Simulation Study of the Formation Mechanism of Sigmoidal Structure in the Solar Corona

The formation mechanism of sigmoidal structure in the solar coronal magnetic field is studied using the three-dimensional magnetohydrodynamic numerical simulations, based on the so-called reversed-shear flare model recently proposed by Kusano et al. The simulation results clearly indicate that magnetic reconnection driven by the resistive tearing mode instability growing on the magnetic shear inversion layer can cause the spontaneous formation of sigmoidal structure. Furthermore, it is also numerically demonstrated that the formation of the sigmoids can be followed by the explosive energy liberation, if the sigmoids contain sufficient magnetic flux. This implies that the reversed-shear flare model can provide a self-consistent explanation for the formation of sigmoids as well as for the onset of eruption, which is driven by magnetic reconnection above sigmoids.
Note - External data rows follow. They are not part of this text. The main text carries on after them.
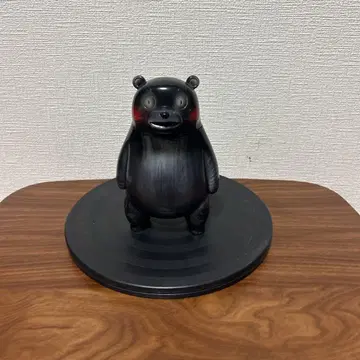 쿠마몬 소프트 비닐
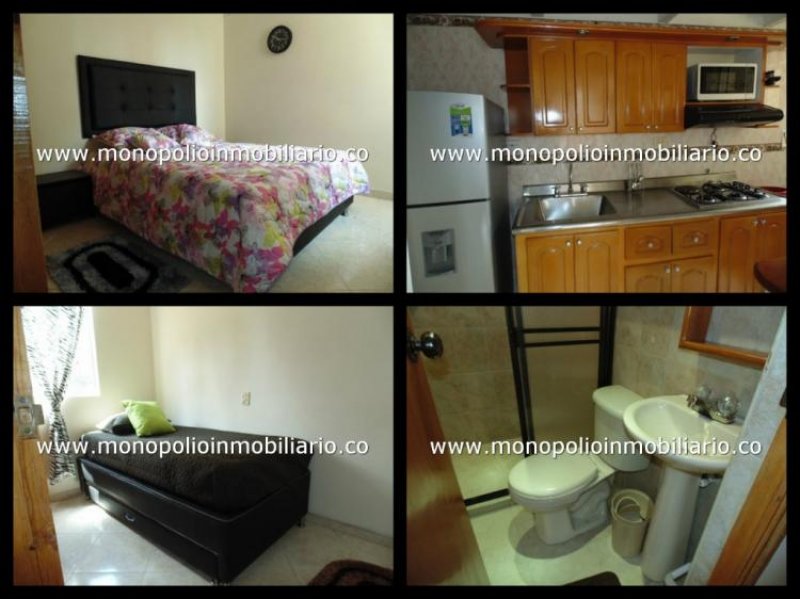 Foto Apartamento en Arriendo en Laureles, Medellín, Antioquia - APA127476 - BienesOnLine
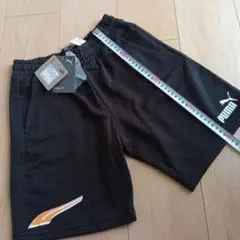 PUMA 半ズボン 160サイズ アジアフィット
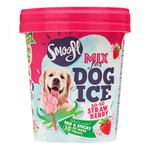 Smoofl Honden ijs 160 g aardbei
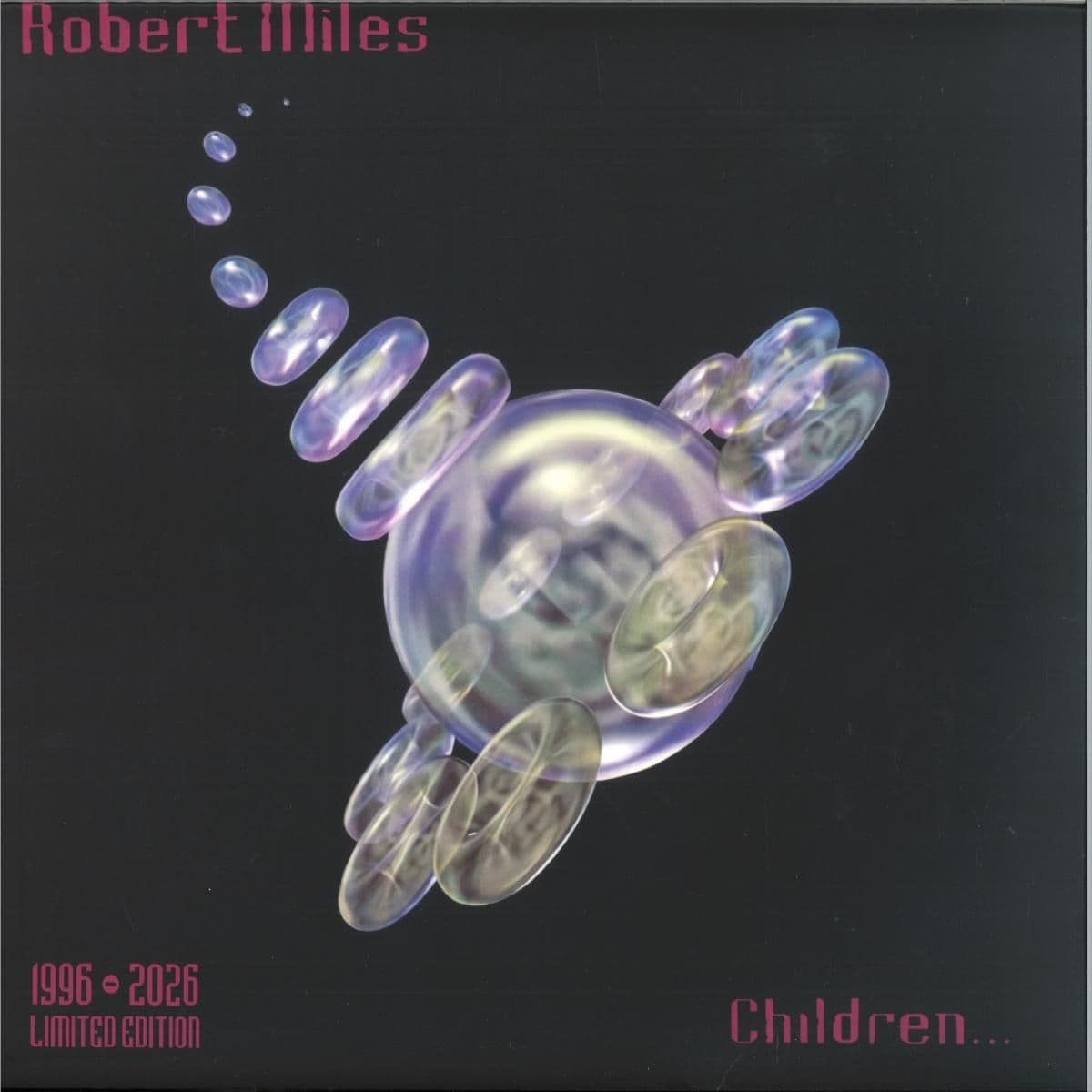 Children – (1996-2026)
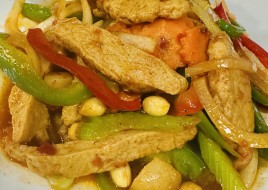 63. Kung Pao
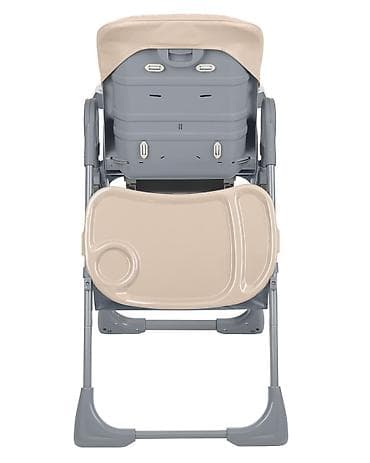hranilice za bebe ikea: KIKKA BOO Hranilica COMFY PLUS – beige (šifra: KKB1) Višepoložajna — 10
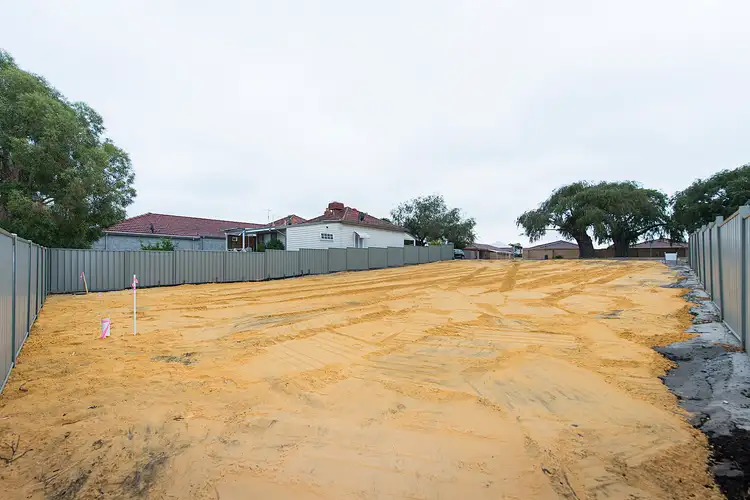 Sixth view of Homely land listing, 93 Hubert Street, East Victoria Park WA 6101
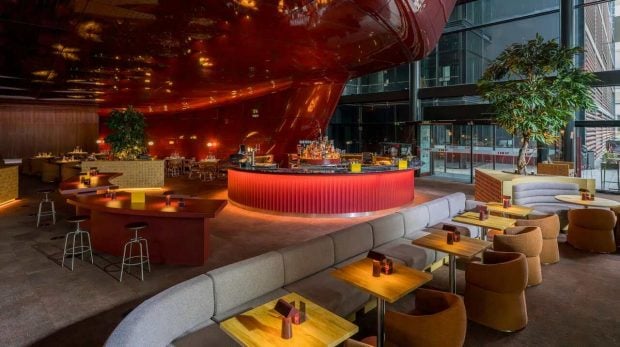 restaurantes museo madrid
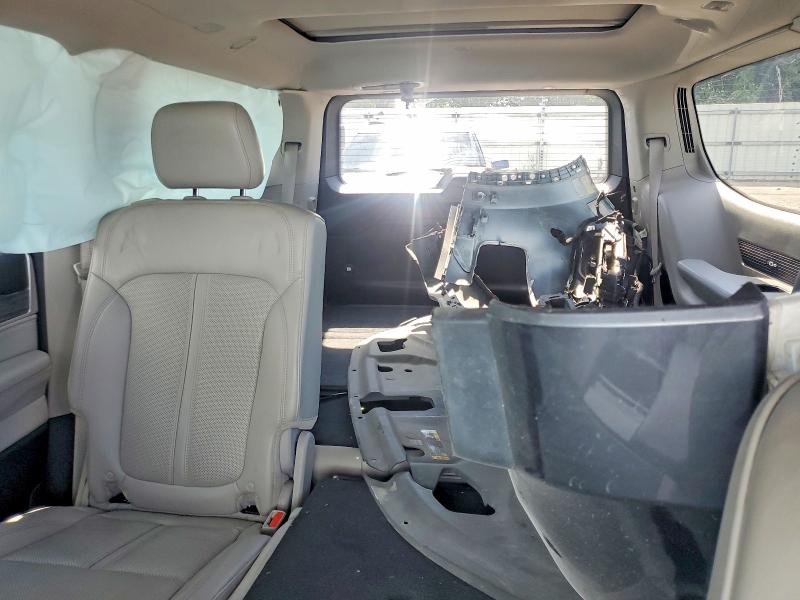 57371256 :رقم المزاد ، 1C4SJVBT8NS160682 vin ، 2022 Jeep Wagoneer مزاد بيع
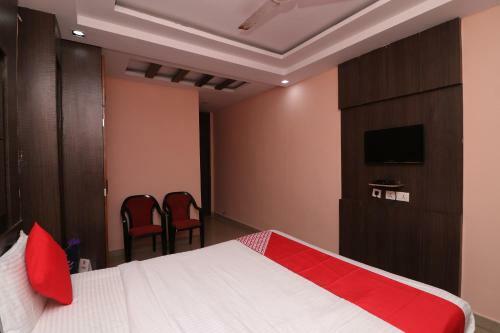 Shree Bhakti Sagar Hotel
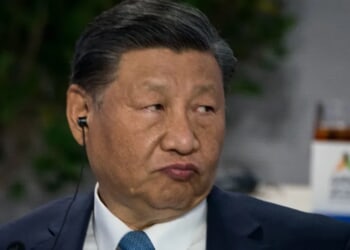 Congress Could Hand Beijing A Win As China Investment Crackdown Falters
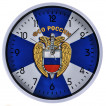 Настенные часы «ФСО России»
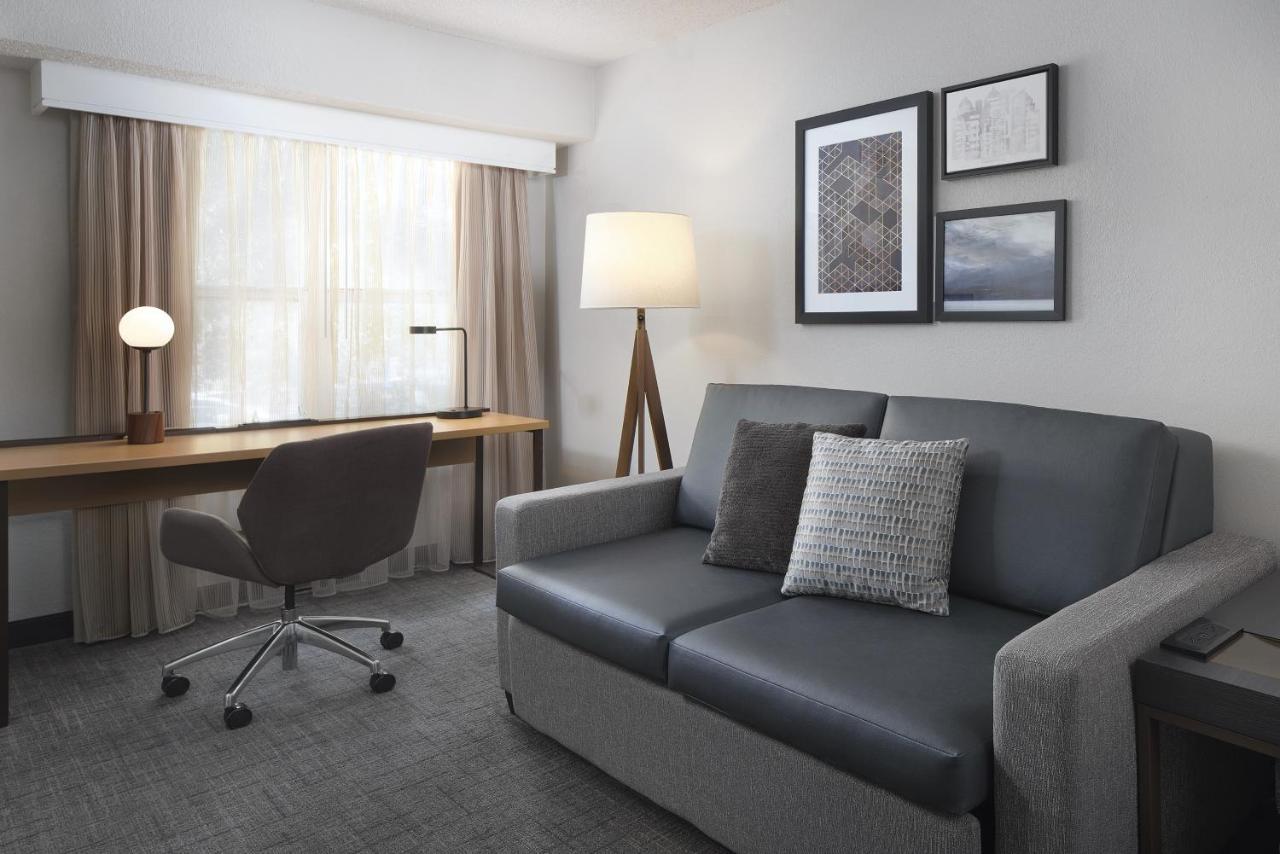 Residence Inn Pinehurst Southern Pines Exteriör bild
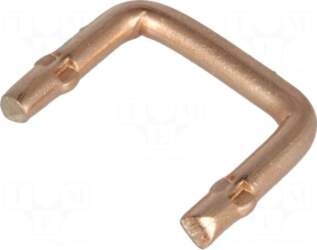 SR PASSIVES Resistor: wire-wound | sensing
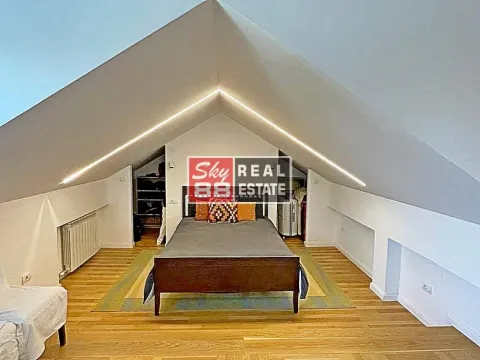 Izdavanje, stan, 180m², Senjak, Beograd - image 15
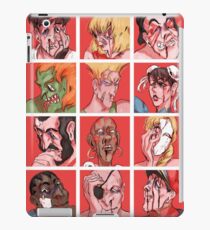 Losers iPad Case/Skin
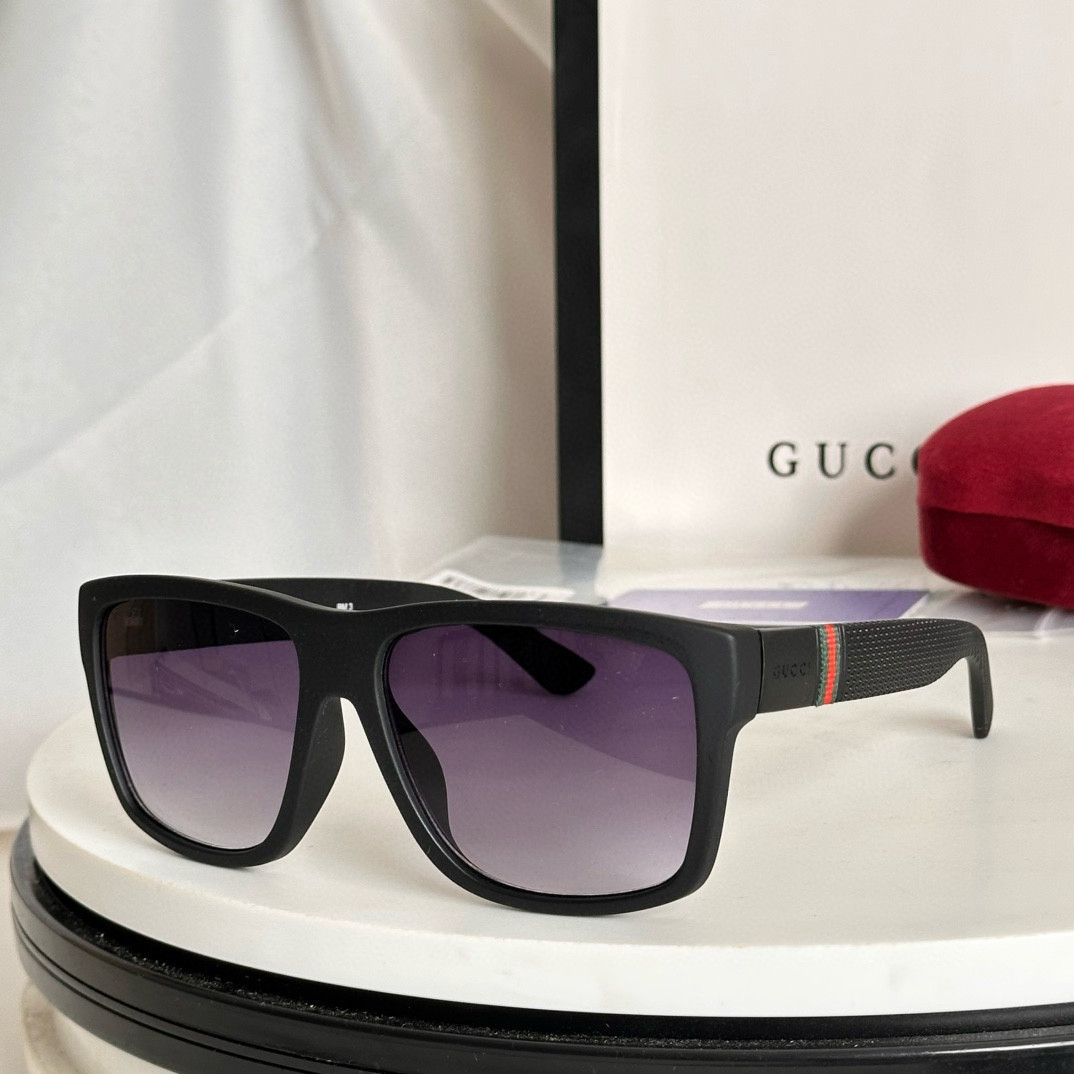 Gvc*1 glasses gg1124 59-16-145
The geometric relationship between the sigmoidal structure and the minimum energy state predicted by J. B. Taylor in 1974 is examined. The result suggests that the sigmoidal formation could be understood as a manifestation of the minimum energy state, which has the excess magnetic helicity compared to the bifurcation criterion of the linear force-free field. The consistency with the observations of magnetic helicity is also discussed.